Od poniedziałku z siatkarzami Ślepska Suwałki trenuje Łukasz Makowski, rozgrywający, który w poprzednim sezonie, po przejściu z AZS UAM Poznań, bronił barw suwalskiego klubu.
- Łukasz dołączył do nas po kontuzji Kamila Obrębskiego - mówi prezes Ślepska Michał Wiszniewski. - Na tym poziomie rozgrywek nie możemy nie tylko grać, ale też trenować mając jednego sprawnego rozgrywającego. Aż strach pomyśleć, co by się stało, gdyby urazu doznał Kacper Gonciarz. Postaramy się jak najszybciej zgłosić Łukasza do rozgrywek i, jeśli się uda, będzie już w kadrze meczowej na sobotnie spotkanie ze Stalą Nysa.

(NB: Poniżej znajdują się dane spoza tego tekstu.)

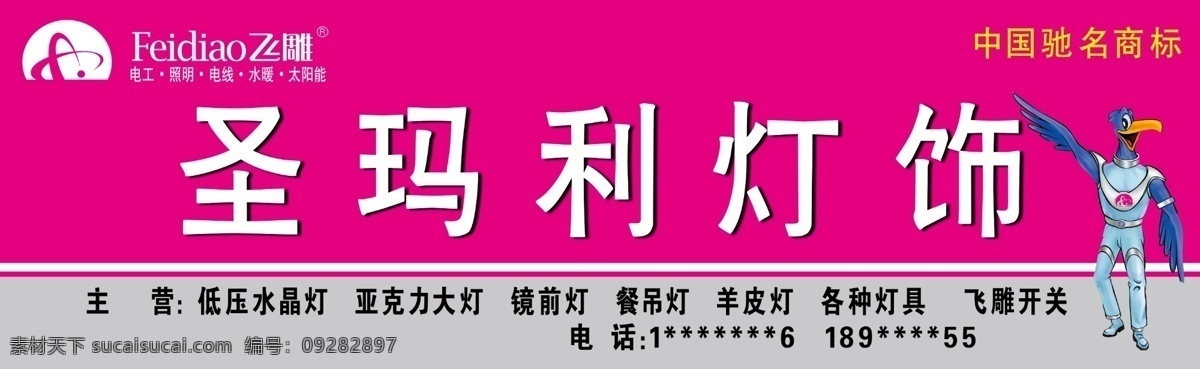 飞 雕 照明 飞雕开关 广告牌 广告设计模板 国内广告设计 水晶灯 源文件 飞雕照明 飞雕标识 圣玛利 餐吊灯 装饰素材 灯饰素材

To, czy kibice ponownie zobaczą go na boisku zależy od trenera i formy, jaką zaprezentuje.
- Z formą Maku nie jest najgorzej - dodaje Piotr Poskrobko, trener Ślepska. - To doświadczony zawodnik, który nie potrzebuje zbyt wiele czasu żeby zgrać się z resztą drużyny. Ma ułatwione zadanie, bo pozostał trzon zespołu, z którym w poprzednim sezonie grał Łukasz.
Łukasz Makowski, ur. 21.02.1989 w Rawie Mazowieckiej, wzrost 187 cm, waga 86 kg, rozgrywający, grał w RKS Mazovia Rawa Mazowiecka, UMKS MOS Wola Warszawa, ASPS Avia Świdnik, KPS Siedlce, AZS UAM Poznań, jego siatkarskim wzorem jest Nicola Grbić, a największym sukcesem sportowym: mistrzostwo Polski juniorów i 3. miejsce z Avią Świdnik w I lidze
Przed rokiem ze Ślepskiem wywalczył 5. miejsce na zalepczu PlusLigi.